I have often thought about digging in my layout blind 6-8" to lower the profile. Has anyone tried this and is it worth it? I would certainly level the ground out after I was finished.

Any thoughts?


----------



## Chuck Smith (Feb 22, 2005)

First of all.....Ask the land owner if you can do this.

Then if you can.....DO IT. IT helps out. IMO.

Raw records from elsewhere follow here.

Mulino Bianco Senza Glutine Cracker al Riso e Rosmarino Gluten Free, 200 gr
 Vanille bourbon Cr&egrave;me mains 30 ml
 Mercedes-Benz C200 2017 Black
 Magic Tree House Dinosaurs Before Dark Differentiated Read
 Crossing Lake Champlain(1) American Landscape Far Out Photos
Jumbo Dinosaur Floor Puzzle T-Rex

YOu really only need to dig down about 2-4 inches. Then tapper the ground that you have dug up to the blind. It give the illusion or more level ground.


----------



## Goose Guy350 (Nov 29, 2004)

We always dig in out blinds for snows but not so often for ducks, like Chuck said, 2-4 inches is usually enough but make sure to taper the soil and rake away the stubble before you start digging so you can put it on top of the fresh soil.


----------



## Leo Porcello (Jul 10, 2003)

I think some days it would make a huge difference but personally I would not do it nor would I even dare or have the nutz to ask. I would not want someone digging in my backyard.


----------



## goosegrinder (Mar 4, 2005)

Digging them down makes them totally disappear. I think in corn stubble it may not be worth while. However,in turned over fields,it really makes a difference. However,if your'e gonna dig them down,plan for that extra time,get permission to,and dress lightly cause your'e gonna work up a sweat. 

Alex


----------



## Old Hunter (Mar 8, 2002)

If its cold enough to form frost you had better do it the day before otherwise they will stick out like a sore thumb.


----------



## CheapHunter (Sep 24, 2003)

Get a Beavertail Comfort Zone layout blind. Lowest profile in the industry and C-O-M-F-O-R-T-A-B-L-E!


----------



## sledneck7 (Apr 30, 2006)

get a power hunter and save time on the digging and more time on putting out a good spread of decoys i have 2 power hunters in feild khaki and mudded them up really well and then tied in some killer weed blind kit stuff and it works awsome and i took the bars out of it and just more the mesh around a little to see and it works great.

GOOD LUCK HUNTING


----------